逮捕された男は去年11月、経営する佐賀市内のキャバクラ店で18歳未満の少女に客の接待をさせたとして、風営法違反の疑いが持たれています。 当時店では4人の男性客に対して5人のホステスが接待をしていましたが、うち4人が18歳未満だったということです。
● 18歳未満の少女4人をホステスとして接客に従事させるという事実
これは単なる「雇用問題」ではなく、子どもの人権侵害であり、社会的に極めて重大な違法行為。
仮に本人の同意があっても、法的には無効であり、使用者側の責任は極めて重い。
● 容疑を否認している点
「18歳未満の女の子がいるはずはない」という言い訳は、経営者として雇用・年齢管理の不備を自認しているようなもの。
風営法違反に加えて、児童福祉法・労働基準法違反、さらには場合によっては青少年保護育成条例違反等も併発する恐れ。
【行政書士の立場からのアドバイス】
① 【雇用前の年齢確認・身分確認を徹底せよ】
接客業務に従事させる場合、必ず身分証(運転免許証・保険証+マイナンバーなど)で年齢確認を行うこと。

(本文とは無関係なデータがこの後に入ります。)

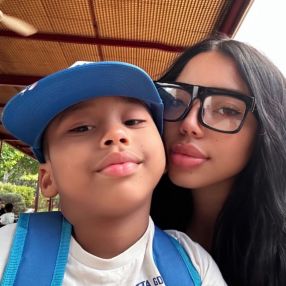 Karina, Familia en Madrigueras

雇用契約前に 「満18歳以上であること」を誓約書・確認書に記載・保管すること。
身分証のコピー保存は、トラブル時の証拠保全にもつながる(個人情報保護法に基づいた管理も必須)。
② 【就業規則・店内ルールへの年齢規定の明記】
店舗マニュアルや就業規則において「18歳未満の者は一切雇用不可」「接客従事禁止」の条文を明記。

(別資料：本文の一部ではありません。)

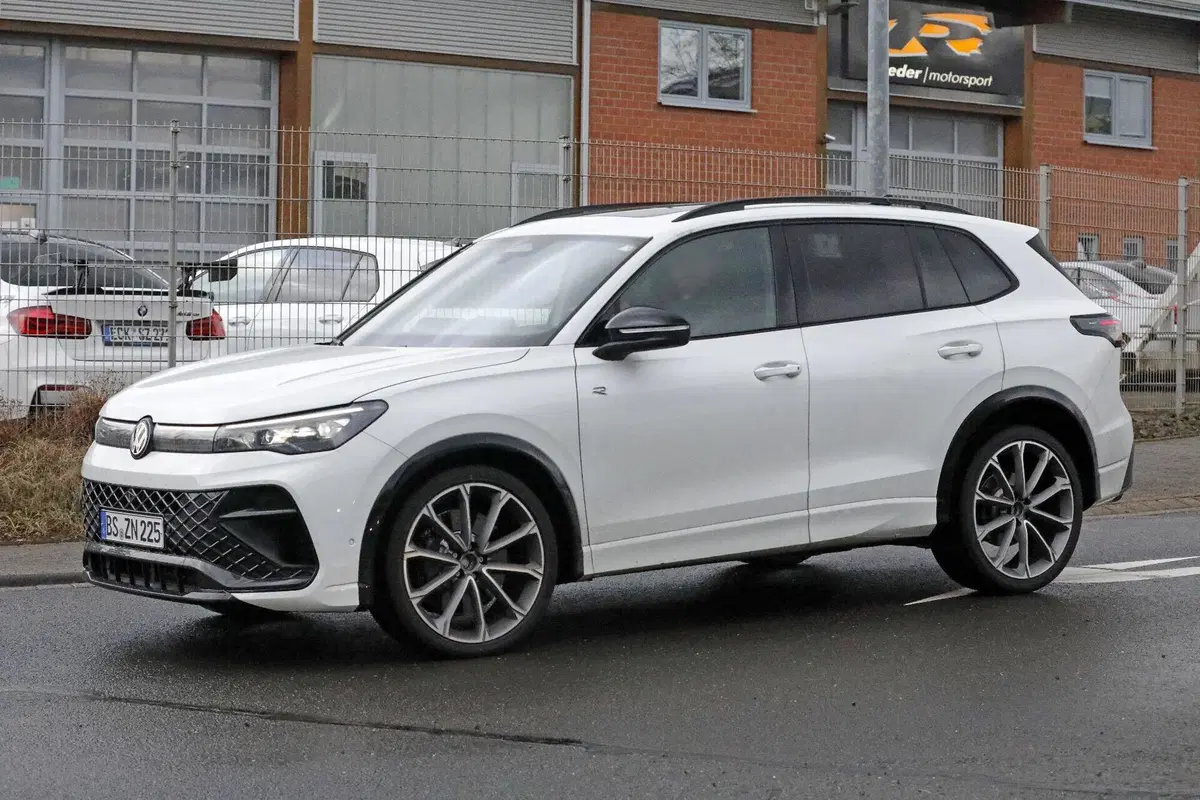 Nuova Volkswagen Tiguan R: oltre 300 CV e una scelta sorprendente sotto il cofano (6)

口頭確認だけではなく、書面で雇用契約・同意書・確認書を整備する。
③ 【定期的な年齢確認と在籍名簿の更新を実施】
繁忙期・イベント時などで臨時雇用が発生する場合でも、スタッフの年齢再確認を怠らない。
警察からの立ち入りがあった際に、「年齢確認の管理体制」が示せないと、経営者の責任が重く問われる。
④ 【経営者教育とコンプライアンス指導】
多くの若手経営者や名義貸し業者は、風営法の内容やリスクを十分理解していないことが多い。
行政書士は、許可取得だけでなく「営業開始後の運用指導」「未成年雇用のリスク説明」「警察との関係構築」まで支援可能。
この事件は、風営法の中でも最も厳しく規制されている「18歳未満者の接待業務」を直接的に違反した例であり、許可取消・刑事責任・再許可の禁止といった重い結果に直結します。
「知らなかった」「書類がなかった」は言い訳にならず、結果的に未成年者を保護する社会的信頼を大きく損ねます。
行政書士としては、以下の姿勢が重要です:
「許可の取り方」より「違反を起こさせない管理体制」
経営者への法教育と継続的サポート
書面と記録の整備によるリスクマネジメント
許可を得て営業する以上、「健全営業」は絶対条件であり、それを支える法的インフラを築くのが行政書士の使命です。